### EXERCISE DETAILS
Quote the entries below from the line with "Queen Letizia of" through the line with "Property building in", both ends included, and only those lines.

*** Opening RECORD EXCERPTS ***

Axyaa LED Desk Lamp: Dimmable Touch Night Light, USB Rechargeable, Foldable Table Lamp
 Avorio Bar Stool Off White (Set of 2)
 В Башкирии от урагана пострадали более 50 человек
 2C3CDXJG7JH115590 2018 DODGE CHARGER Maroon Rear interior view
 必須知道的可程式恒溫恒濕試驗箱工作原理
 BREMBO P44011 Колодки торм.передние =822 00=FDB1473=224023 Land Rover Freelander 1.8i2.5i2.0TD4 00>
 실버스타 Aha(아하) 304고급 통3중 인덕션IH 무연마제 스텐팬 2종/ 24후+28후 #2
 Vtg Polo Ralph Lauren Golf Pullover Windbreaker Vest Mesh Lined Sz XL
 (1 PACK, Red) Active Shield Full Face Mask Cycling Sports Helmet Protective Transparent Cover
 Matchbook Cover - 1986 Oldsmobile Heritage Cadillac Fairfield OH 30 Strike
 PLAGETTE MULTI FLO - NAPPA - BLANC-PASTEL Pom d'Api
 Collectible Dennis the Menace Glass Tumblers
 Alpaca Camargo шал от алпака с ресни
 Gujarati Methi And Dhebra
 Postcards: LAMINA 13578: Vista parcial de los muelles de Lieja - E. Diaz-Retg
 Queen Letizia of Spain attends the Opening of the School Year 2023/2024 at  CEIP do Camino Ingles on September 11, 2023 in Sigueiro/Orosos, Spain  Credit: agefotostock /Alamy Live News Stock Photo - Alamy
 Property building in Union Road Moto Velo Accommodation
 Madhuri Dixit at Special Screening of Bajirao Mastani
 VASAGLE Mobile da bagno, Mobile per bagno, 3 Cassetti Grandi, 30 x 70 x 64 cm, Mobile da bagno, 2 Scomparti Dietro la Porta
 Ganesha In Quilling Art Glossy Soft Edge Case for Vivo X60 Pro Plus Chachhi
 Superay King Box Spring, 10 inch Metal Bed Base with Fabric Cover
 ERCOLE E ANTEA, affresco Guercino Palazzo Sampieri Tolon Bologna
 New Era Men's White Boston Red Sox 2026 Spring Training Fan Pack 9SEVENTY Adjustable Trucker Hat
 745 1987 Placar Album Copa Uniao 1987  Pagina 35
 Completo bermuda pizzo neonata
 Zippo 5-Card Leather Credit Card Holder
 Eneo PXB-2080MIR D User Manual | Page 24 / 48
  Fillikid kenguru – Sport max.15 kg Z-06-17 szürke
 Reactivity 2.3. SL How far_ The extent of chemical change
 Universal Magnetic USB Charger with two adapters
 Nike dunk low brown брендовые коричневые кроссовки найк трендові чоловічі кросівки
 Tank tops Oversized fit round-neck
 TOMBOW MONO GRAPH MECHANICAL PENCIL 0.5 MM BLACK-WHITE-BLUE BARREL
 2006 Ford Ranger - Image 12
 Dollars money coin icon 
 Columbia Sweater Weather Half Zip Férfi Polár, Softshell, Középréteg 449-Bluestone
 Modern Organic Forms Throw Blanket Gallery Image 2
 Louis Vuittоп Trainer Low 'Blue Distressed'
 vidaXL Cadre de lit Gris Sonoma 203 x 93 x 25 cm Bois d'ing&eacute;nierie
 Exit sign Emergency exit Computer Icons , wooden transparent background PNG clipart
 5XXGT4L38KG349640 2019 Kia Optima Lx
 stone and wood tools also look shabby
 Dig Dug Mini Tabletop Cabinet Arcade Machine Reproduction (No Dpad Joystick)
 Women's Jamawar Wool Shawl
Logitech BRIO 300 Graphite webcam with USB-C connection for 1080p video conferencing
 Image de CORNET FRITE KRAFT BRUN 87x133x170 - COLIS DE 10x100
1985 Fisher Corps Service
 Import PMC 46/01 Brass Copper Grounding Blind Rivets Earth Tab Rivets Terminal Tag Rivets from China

*** Closing RECORD EXCERPTS ***

### REPLY
 Queen Letizia of Spain attends the Opening of the School Year 2023/2024 at  CEIP do Camino Ingles on September 11, 2023 in Sigueiro/Orosos, Spain  Credit: agefotostock /Alamy Live News Stock Photo - Alamy
 Property building in Union Road Moto Velo Accommodation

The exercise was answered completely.